The introduction of COVID-19 immunizations does not indicate that the global pandemic has ended; rather, countries must now acquire sufficient COVID-19 immunization doses and work to ensure their effective distribution. Immunization progress has been slow in all but a few high-income countries (HICs), while authorities learn how to immunize whole communities in the scenario of a pandemic [107]. The majority of low- and middle-income countries (LMICs) have depended on the COVID-19 Vaccination Global Access (COVAX) Facility to get vaccines. COVAX intends to send enough doses to these countries to vaccinate 20% of their populations. Despite their tremendous knowledge from the Expanded Program on Immunization, LMICs are projected to have more obstacles and issues in rolling out vaccines than HICs (EPI) [108,109]. In the absence of global efforts to ensure equitable vaccination distribution, the country of residence will almost probably become the single most important factor influencing vaccine distribution. A strictly pragmatic argument for conceptualizing the distribution of vaccinations against the SARS-CoV-2 virus on a worldwide scale is that bringing a vaccine to market will need governments from throughout the world to work in collaboration with charitable entities and consortiums [110,111]. In practice, one will require to combine not just national governments, but also scale-up global governing organizations to assure the essential institutions, organizations, and technologies to create and distribute a projected vaccine promptly and successfully to everybody who needs it. For the vaccine to be introduced, a competent supply chain management team is required. Countries should develop COVAX teams by utilizing committees and working groups, but keep in mind that the target groups will differ from those in traditional new vaccine introduction projects. As a result, the committees must be enlarged to include additional relevant stakeholders.

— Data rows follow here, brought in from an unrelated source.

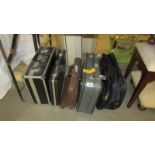 A quantity of briefcases, suit case, hard case etc.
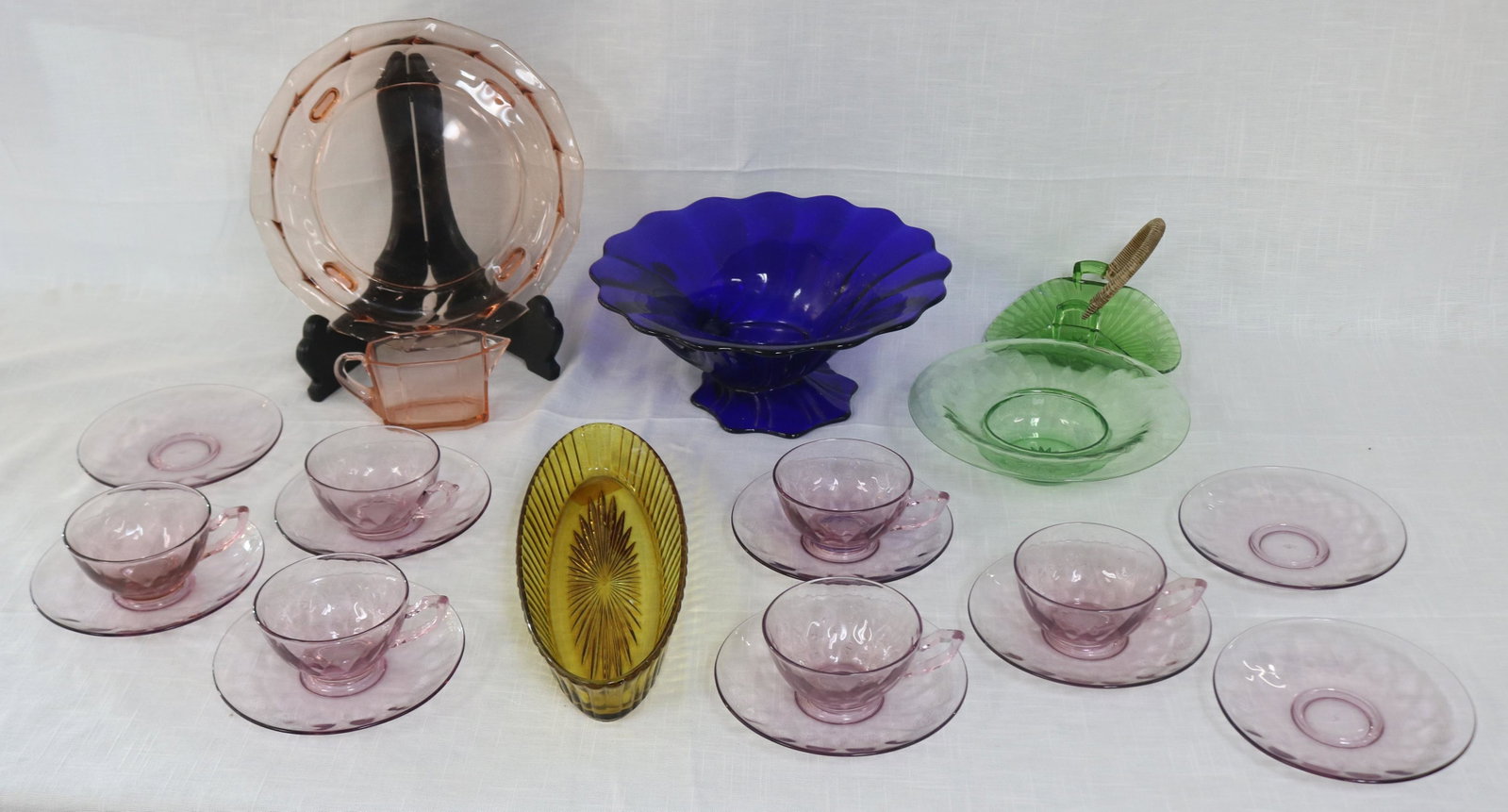 COLORED HEISEY LOT, 21 PCS; PINK, COBALT, GREEN,: AMBER, PURPLE, TRAY, PICKLE TRAY, HANDLED BASKET, CREAMER, CUPS & SAUCERS, ETC. 1" - 4 1/2" H, 4 3/4" - 11" DIA.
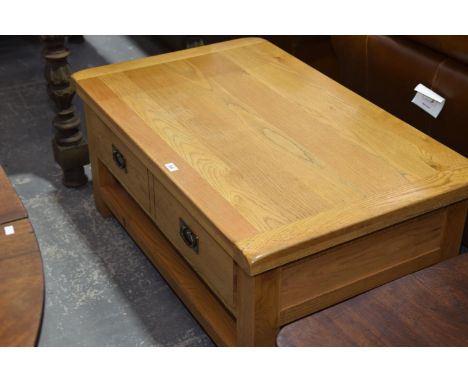 A contemporary light oak coffee tableWith a slab top, single frieze drawer and lower shelf. 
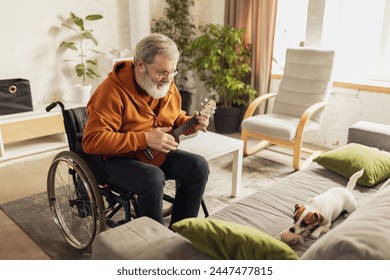 Senior positive man sitting on wheelchair at home in cozy warm living room and playing ukulele guitar in front of little dog playing on sofa. Concept of healthcare, lifestyle, wellness, empowerment - Powered by Shutterstock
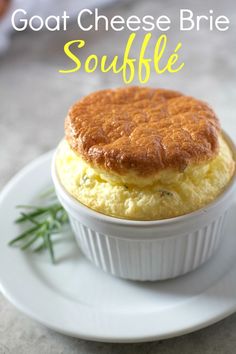 a close up of a plate of food on a table with the words goat cheese brie souffle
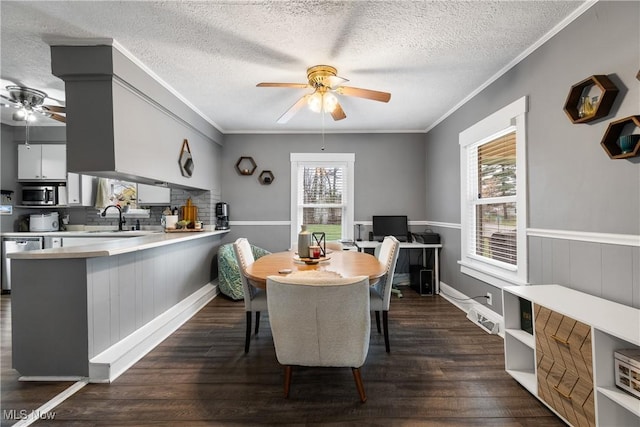2445 Pigeon Run Rd SW, Massillon, OH 44647 - dining area with a ceiling fan, dark wood-type flooring, crown molding, a textured ceiling, and a desk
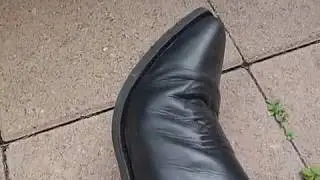 Black cowboy boots and Wrangler jeans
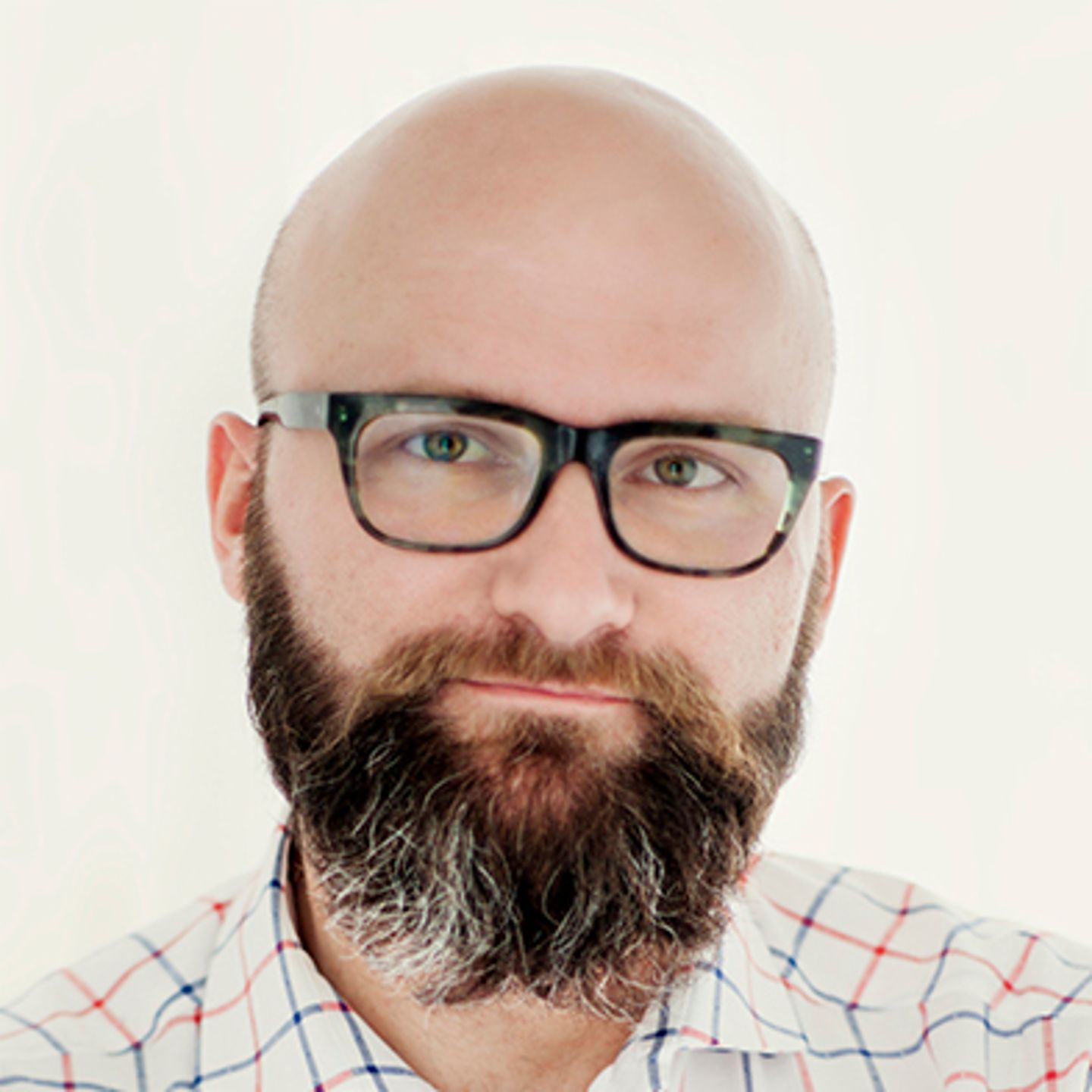 Dr. hab. Tomasz Piekot, wearing a checked shirt, leans against a wall with his arms crossed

When a vaccine is approved by health organizations in various countries and regions, it goes through a development cycle and a fulfillment phase. The vaccine’s accessibility will be heavily reliant on the reduction of impediments in both the production and delivery phases of the supply chain. While developing new vaccines and verifying their efficacy in humans is the major focus, it is also critical to recognize and address VSC problems to increase vaccination efficacy [112,113]. To guarantee that COVID-19 immunizations result in broad immunization, governments must develop evidence-based policies. This study investigates and categorizes COVID-19 VSC concerns to help in the fight against the global pandemic. Consideration of supply chain difficulties before the distribution of a vaccine to the public can benefit the design of an effective vaccination program. As a result, finding substantial barriers to the COVID-19 VSC is critical for a long-term VSC that can help nations throughout the world to escape from the pandemic. Dimensions of obtaining broad worldwide COVID-19 immunity by vaccines include ‘development,’ ‘dissemination,’ and ‘deployment.’

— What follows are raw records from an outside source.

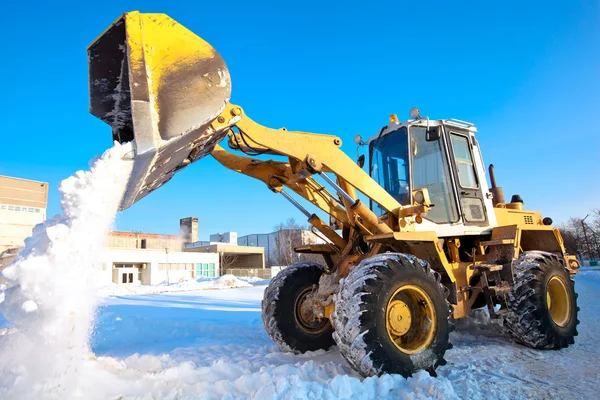 Wheel loader machine unloading snow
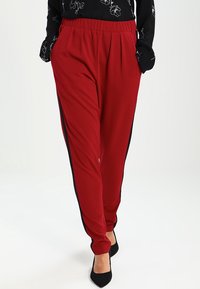 Rode joggingsbroek met zwarte zijstrepen, gemaakt van zachte stof, met plooien aan de voorkant en een elastische tailleband. Zwarte hoge hakken.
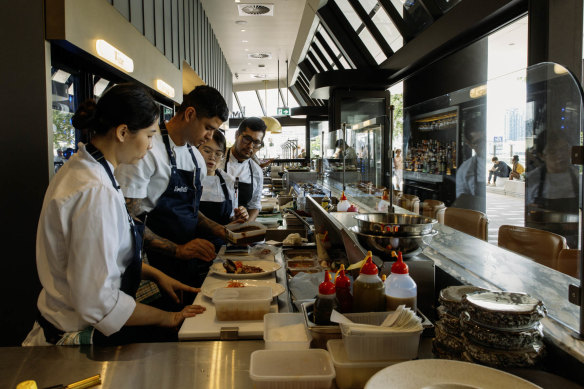 The venue features a lengthy bar for counter dining and drinking.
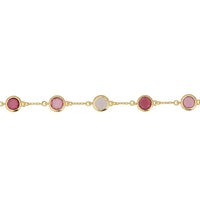 Gold chain bracelet with alternating pink and pale gray oval charms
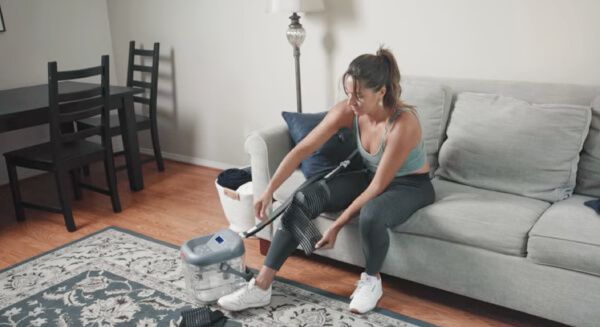 Woman wrapping a cryotherapy pad on her knee to recover at home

The Government of India (GoI) has established large task forces such as NEGVAC (National Expert Group of Vaccine Administration for COVID-19), which are overseen by Municipalities (at the level of District Magistrate/Collector, Municipal Commissioner) and up to the State Principal Secretary (Health) and Chief Secretary. There has been much thinking and debate on the implementation, including sourcing and distribution, as well as the order of priority for who receives the vaccination first. This, like in other nations, begins with frontline healthcare personnel, then moves on to the elderly (divided into those over 60 and those between 50 and 60), and eventually to the rest of the population, along with the process of obtaining licensed vaccinations, as well as end-to-end storage and transportation logistics [114,115]. The Co-WIN (Covid Vaccine Intelligence Network) digital network is used to track the enrolled beneficiaries and, like performing free and fair elections, may be controlled by the Task Force established by the GoI. The total number of CovishieldTM doses manufactured now exceeds 1.3 billion.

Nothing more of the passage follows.